Is the horn out of adjustment?
At this point it will
probably be easier to work if you remove the horns.Leave the wires off and use your
10mm socket to remove the bolts holding them in place.You can remember how they
attached, but it will be easy to figure out when you have to put them back.
- Get out your multimeter and check
for continuity between the terminals. There is no polarity to the terminals
so you don’t have to worry about positive or negative. If your multimeter
has a continuity beep it helps to make this easier so you don’t have to
watch the readout.
- If you get continuity and some resistance
(approx 2-3 ohm, but the amount of ohms is really not too important,
continuity is) then you are close to getting it to work. It is probably
out of adjustment and you will need to adjust it until you get to where
the horn will sound.

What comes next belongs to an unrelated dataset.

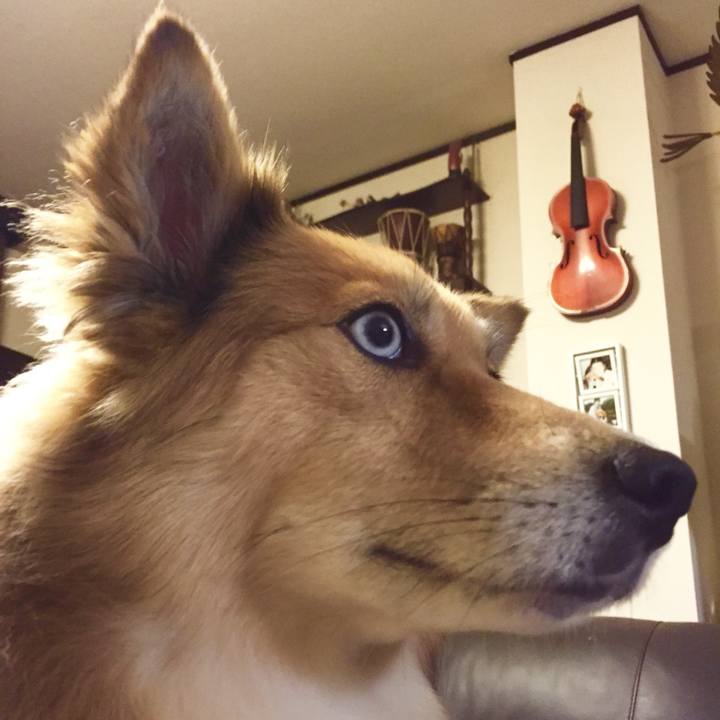 0aeaa06e eedf 4b43 b31b 4d7eacc062ad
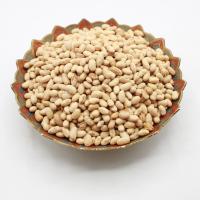 سویا بوداده بی نمک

You will need to turn the 7mm bolt on the back of the
case counterclockwise until you get no continuity, then turn a quarter
turn clock wise.You should get the continuity and resistance
back.Reconnect the horn and test (You can hook up some wires to a 12v
source, like your battery, be careful.Horns draw about 8 amps so you need a
powerful battery to get them to work, household batteries won’t do it); it
should sound.You can continue to adjust the bolt to get the best (loudest)
If you have no continuity
you can try this adjustment, but it will most likely not work – continue to
turn the bolt clockwise until you get continuity, then turn it back a
quarter.If this fails proceed to the next step “Is there a continuity problem within
Is there a continuity problem within the horn?

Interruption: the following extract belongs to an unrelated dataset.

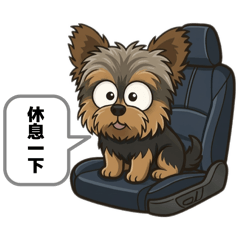 我是約克夏Q比 （小狗日常）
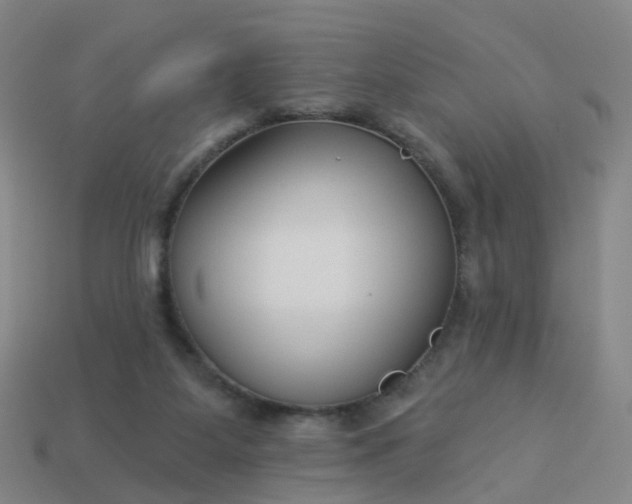 X0000114080115200910191550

It appears that you have a
broken circuit in your horn.But there is one more thing you can try before
opening up the case.You could try to clean up the contacts on the outside.If
you look at picture #2 you can see that the spade terminals and nuts are prone
to rust.You can see here some of the rust that was present on one of the
terminals.I used a 6mm socket to remove the nut and pulled out the terminal.I
used some sandpaper on both terminals and their nuts to clean them up.On this
terminal the corrosion was a problem, but there was also a problem on the
Picture #2 the
contacts on the outside with one terminal removed.

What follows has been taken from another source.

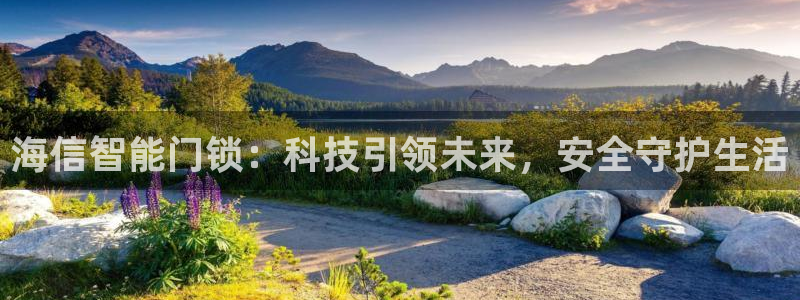 开丰娱乐登陆：海信智能门锁：科技引领未来，安全守护生活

If that doesn’t do it, then
you will have to open up your horn.At this point it would help to understand
how a horn works.Power comes into the horn at one terminal and travels to a
pair of contacts similar to those found in old distributors.The electricity
goes through the contact points and then to one coil and on to another coil.The
power then goes out the other contact.These coils act as an electromagnet that
pulls the diaphragm down.The diaphragm is pulled down until the point that
extends from it pushes down on one of the contacts, which disrupts the
circuit.When the circuit is disrupted the power to the electromagnets stops and
the diaphragm moves back up – moving air.It will reach the place where the
point will release the contact that will re-energize the circuit, pulling the
diaphragm back down again.This will happen rapidly and the air movement will
travel out the different sized horns to produce the different tones.The
adjustment bolt adjusts the contact gap, which you want to optimize to produce
the most volume.
- Remove the 4 screws on the back of the horn.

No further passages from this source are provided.